((
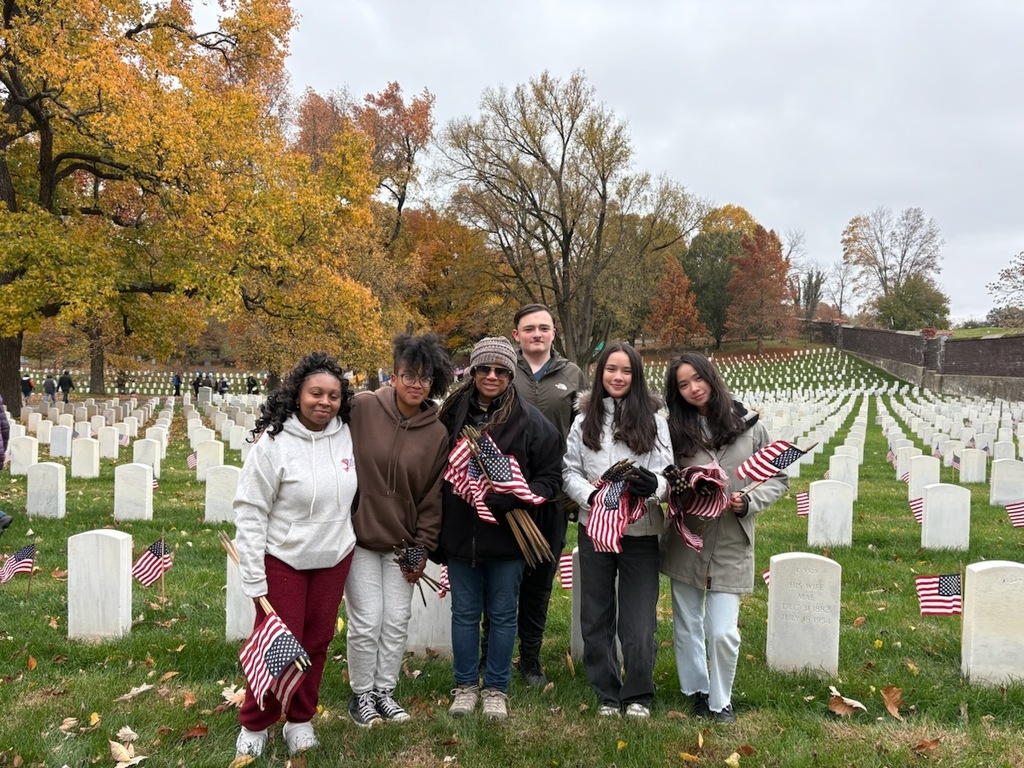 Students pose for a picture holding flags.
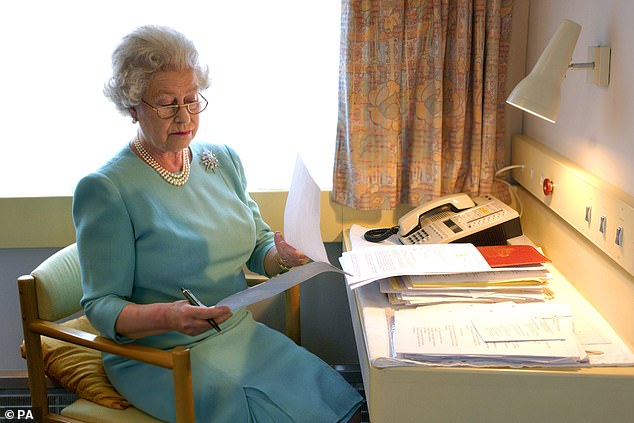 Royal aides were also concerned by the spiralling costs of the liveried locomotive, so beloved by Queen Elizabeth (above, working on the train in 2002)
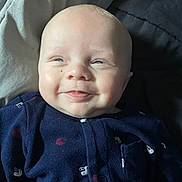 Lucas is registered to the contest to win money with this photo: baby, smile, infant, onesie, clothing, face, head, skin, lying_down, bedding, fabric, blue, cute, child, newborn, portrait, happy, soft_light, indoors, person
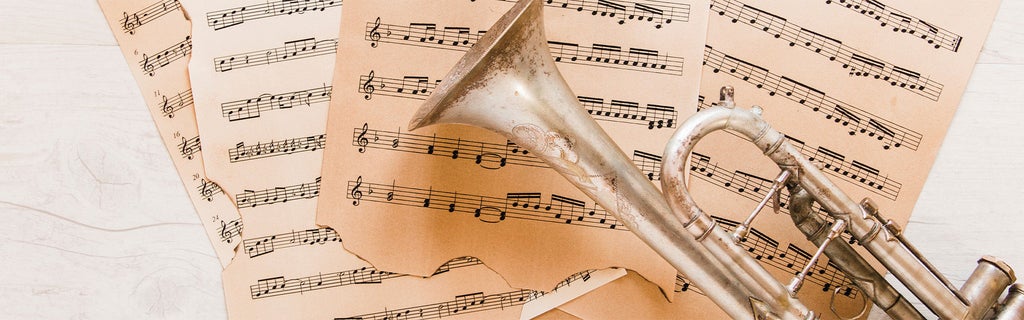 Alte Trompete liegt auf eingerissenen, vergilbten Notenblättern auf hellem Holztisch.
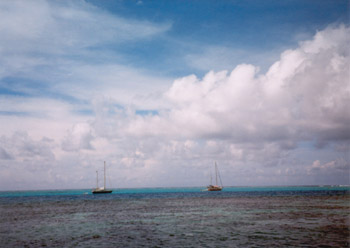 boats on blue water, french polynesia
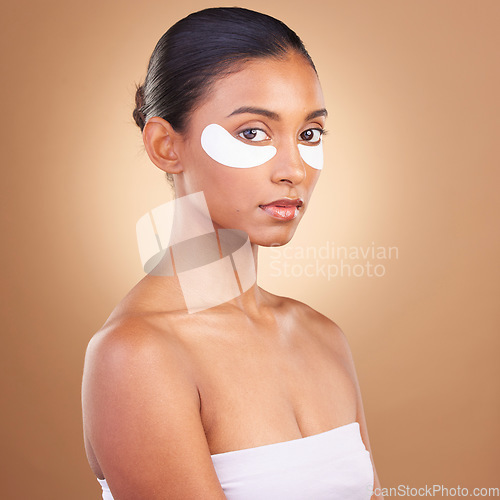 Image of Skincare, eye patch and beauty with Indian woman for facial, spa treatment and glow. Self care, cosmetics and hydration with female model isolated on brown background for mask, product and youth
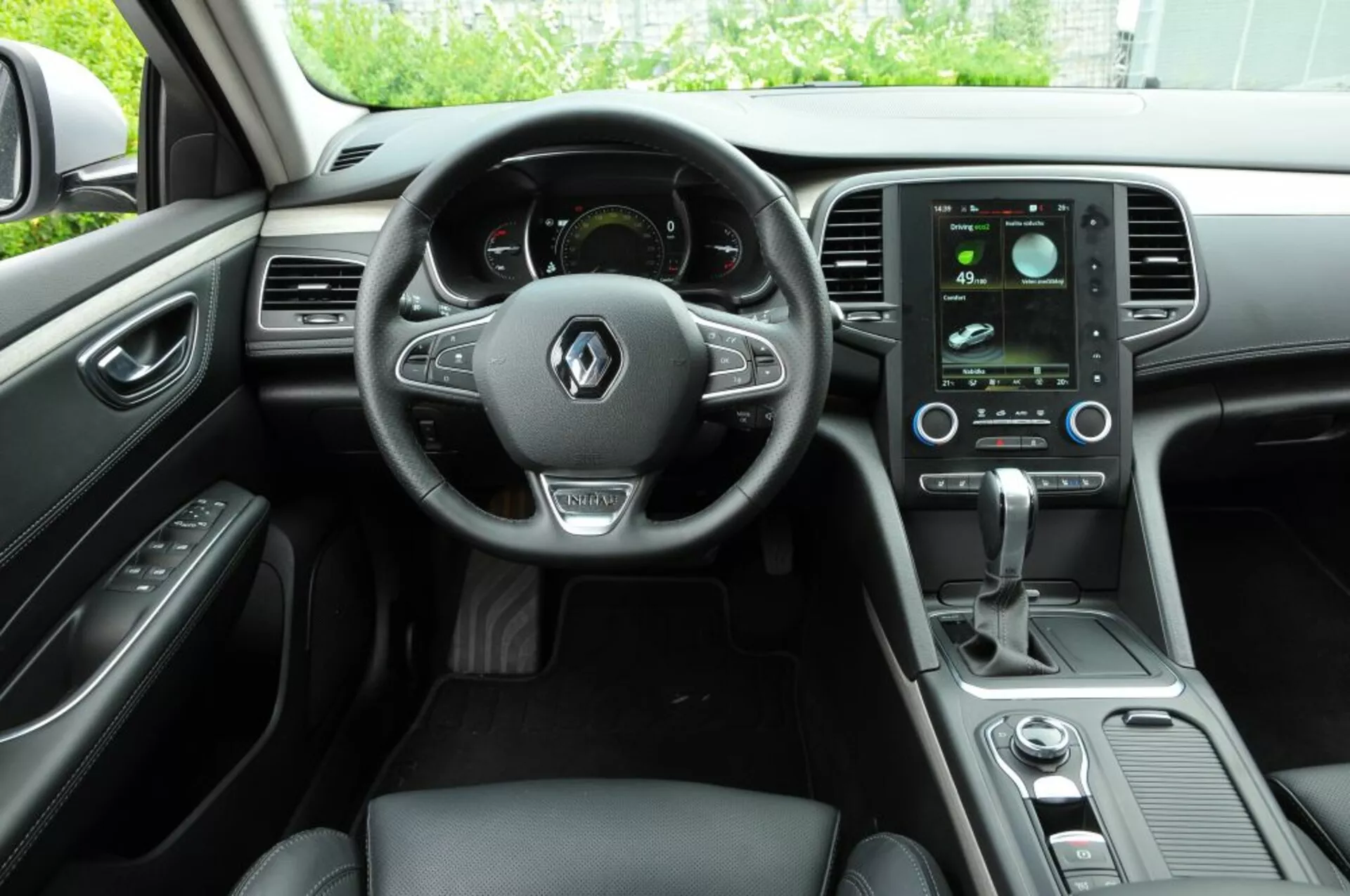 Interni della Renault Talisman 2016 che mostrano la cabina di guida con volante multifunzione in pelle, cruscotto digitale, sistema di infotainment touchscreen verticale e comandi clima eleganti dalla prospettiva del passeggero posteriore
))
((
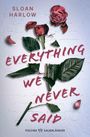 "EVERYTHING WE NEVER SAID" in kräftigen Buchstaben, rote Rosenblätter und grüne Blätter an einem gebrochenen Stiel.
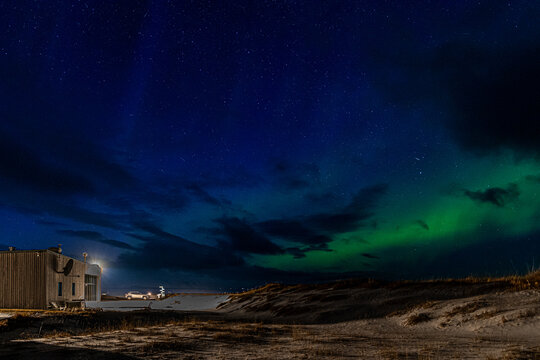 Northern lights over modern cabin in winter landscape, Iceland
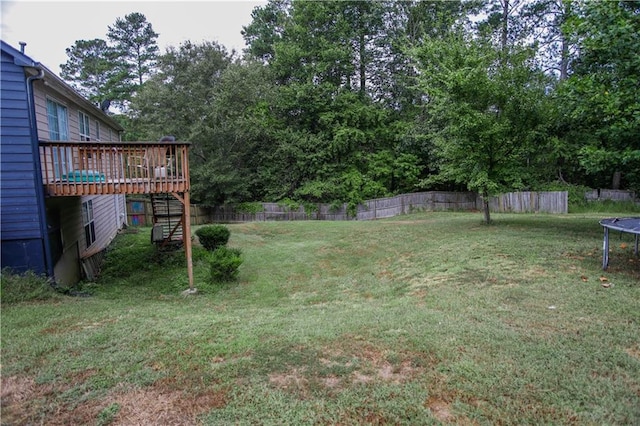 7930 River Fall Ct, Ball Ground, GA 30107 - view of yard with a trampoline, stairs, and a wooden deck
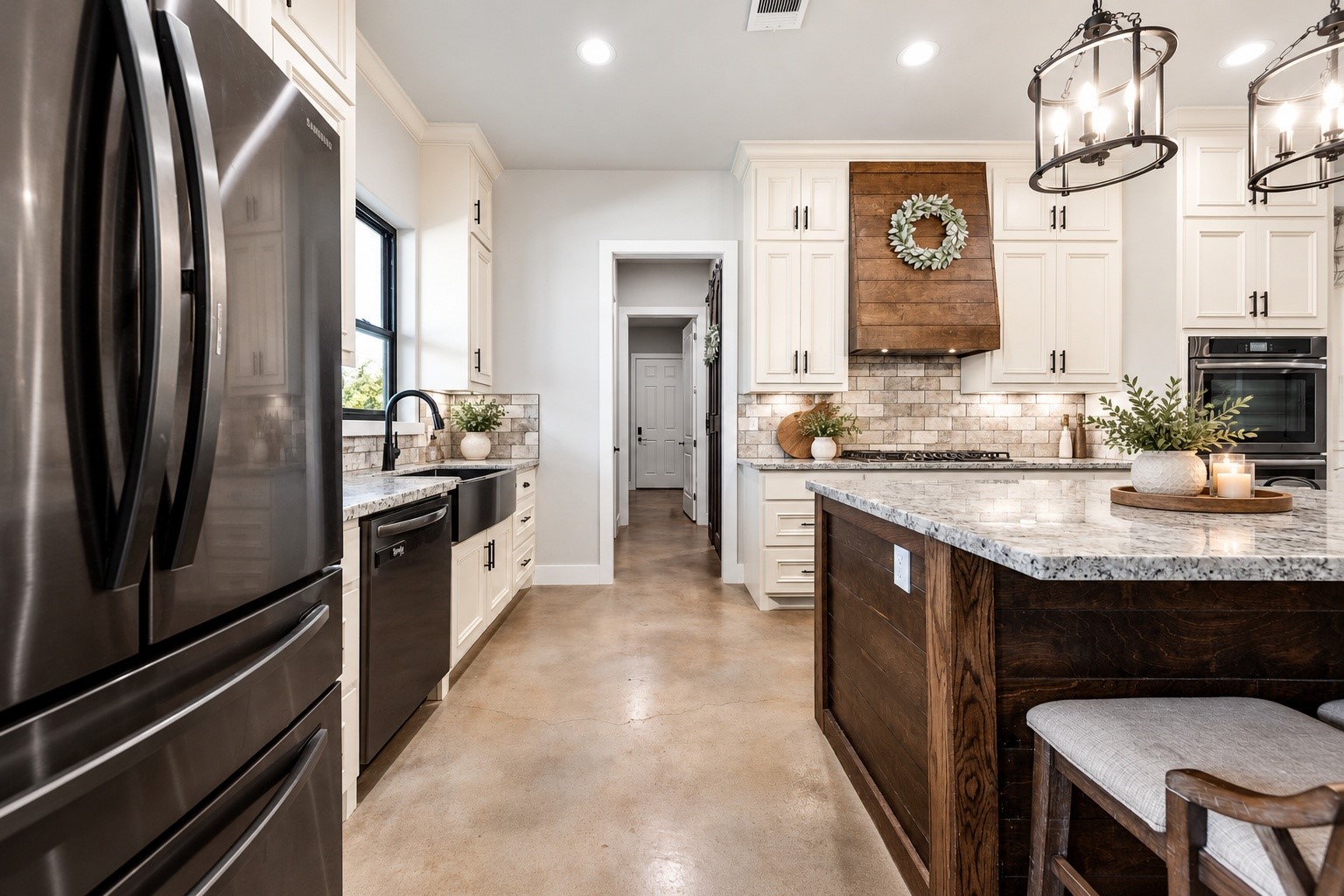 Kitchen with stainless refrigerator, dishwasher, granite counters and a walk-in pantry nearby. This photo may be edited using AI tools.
))
((
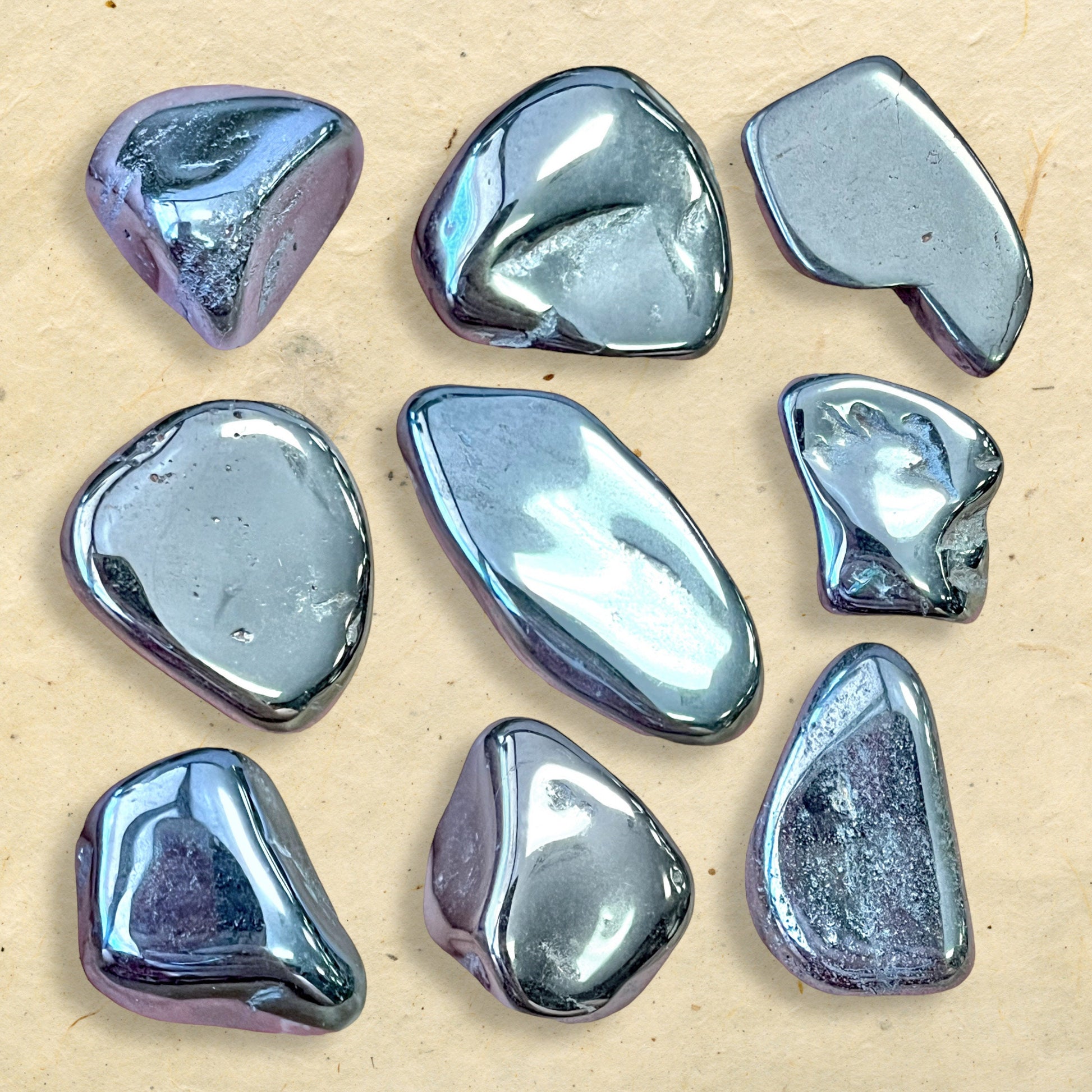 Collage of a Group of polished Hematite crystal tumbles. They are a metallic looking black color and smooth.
))
→ **GOAL OF THE EXERCISE**:
Print nothing except the lines above from the one containing "Students pose for a picture holding flags." down to the one containing "Lucas is registered", both included, exactly as written and free of pictures.

→ **RESPONSE AREA**:
 Students pose for a picture holding flags.
 Royal aides were also concerned by the spiralling costs of the liveried locomotive, so beloved by Queen Elizabeth (above, working on the train in 2002)
 Lucas is registered to the contest to win money with this photo: baby, smile, infant, onesie, clothing, face, head, skin, lying_down, bedding, fabric, blue, cute, child, newborn, portrait, happy, soft_light, indoors, person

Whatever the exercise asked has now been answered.